**What to do**.
Could you print each entry below verbatim while omitting the pictures?

* * *

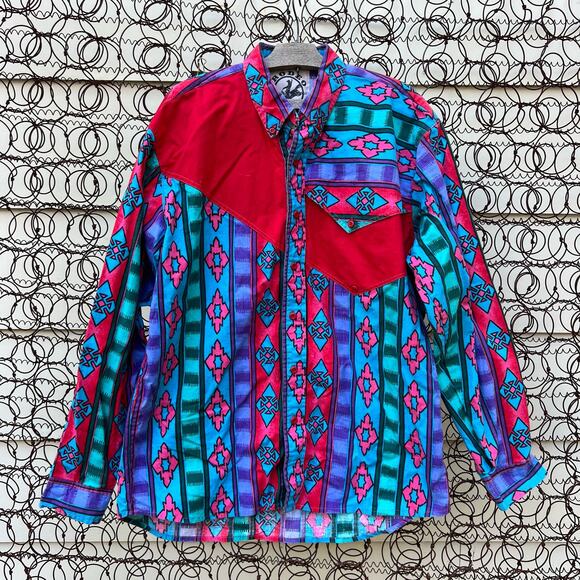 Epic 90s Rodeo Active Neon Southwestern Aztec Asymmetric Flap Western Shirt LG - Picture 1 of 7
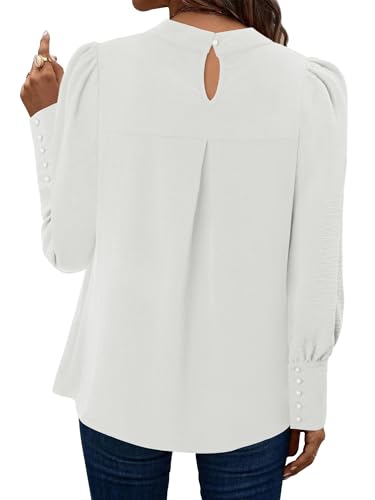 KISSMODA Womens Puff Long Sleeve Mock Neck Blouses Pleated Front Shirts Basic Trendy Dressy Tunic Tops Solid Color Fall Outfits with Button Cuff White - Image 3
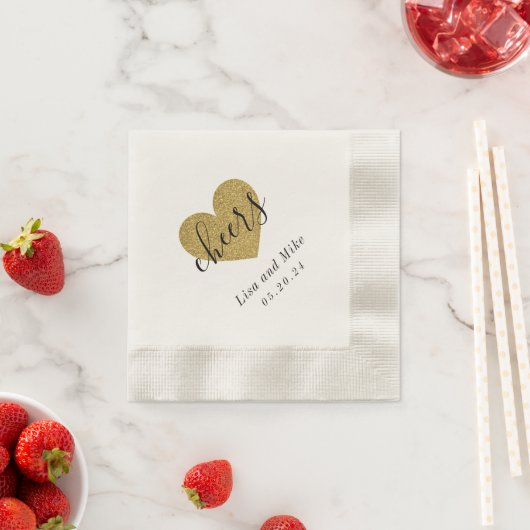 金ゴールドモダンハート応援ウェディングパーティー 縁ありカクテルナプキン (インサイチュ)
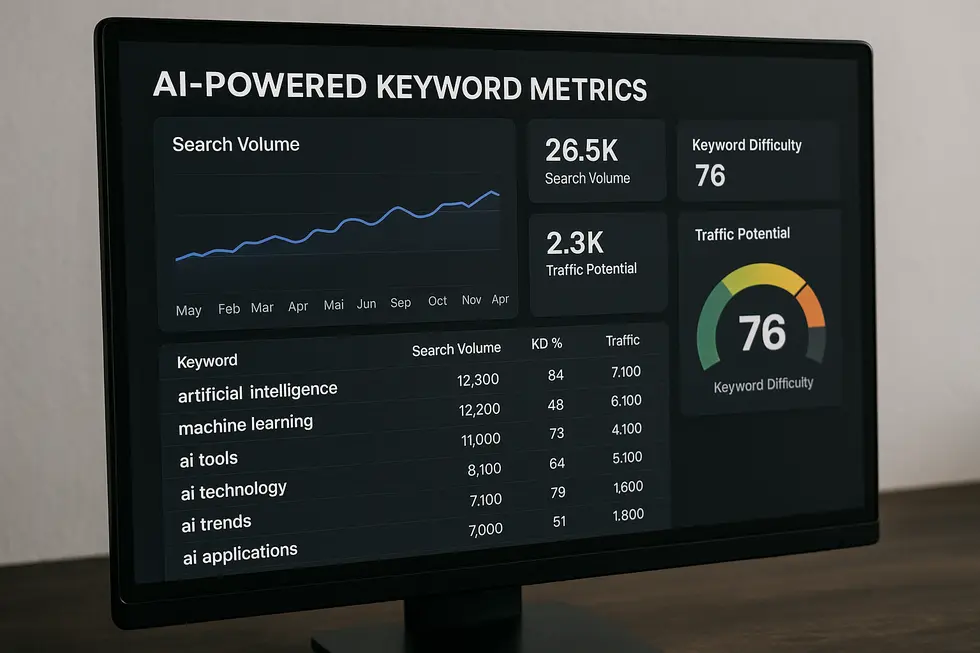 Ein Einblick in KI-gestützte Keyword-Metriken für optimiertes SEO.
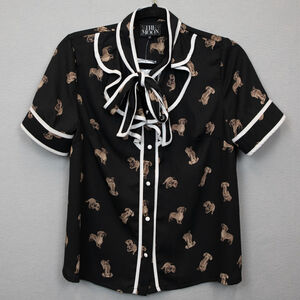 The Moon black dachshund print button down shirt NWT-M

* * *

**Result of this exercise**.
 Epic 90s Rodeo Active Neon Southwestern Aztec Asymmetric Flap Western Shirt LG - Picture 1 of 7
 KISSMODA Womens Puff Long Sleeve Mock Neck Blouses Pleated Front Shirts Basic Trendy Dressy Tunic Tops Solid Color Fall Outfits with Button Cuff White - Image 3
 金ゴールドモダンハート応援ウェディングパーティー 縁ありカクテルナプキン (インサイチュ)
 Ein Einblick in KI-gestützte Keyword-Metriken für optimiertes SEO.
 The Moon black dachshund print button down shirt NWT-M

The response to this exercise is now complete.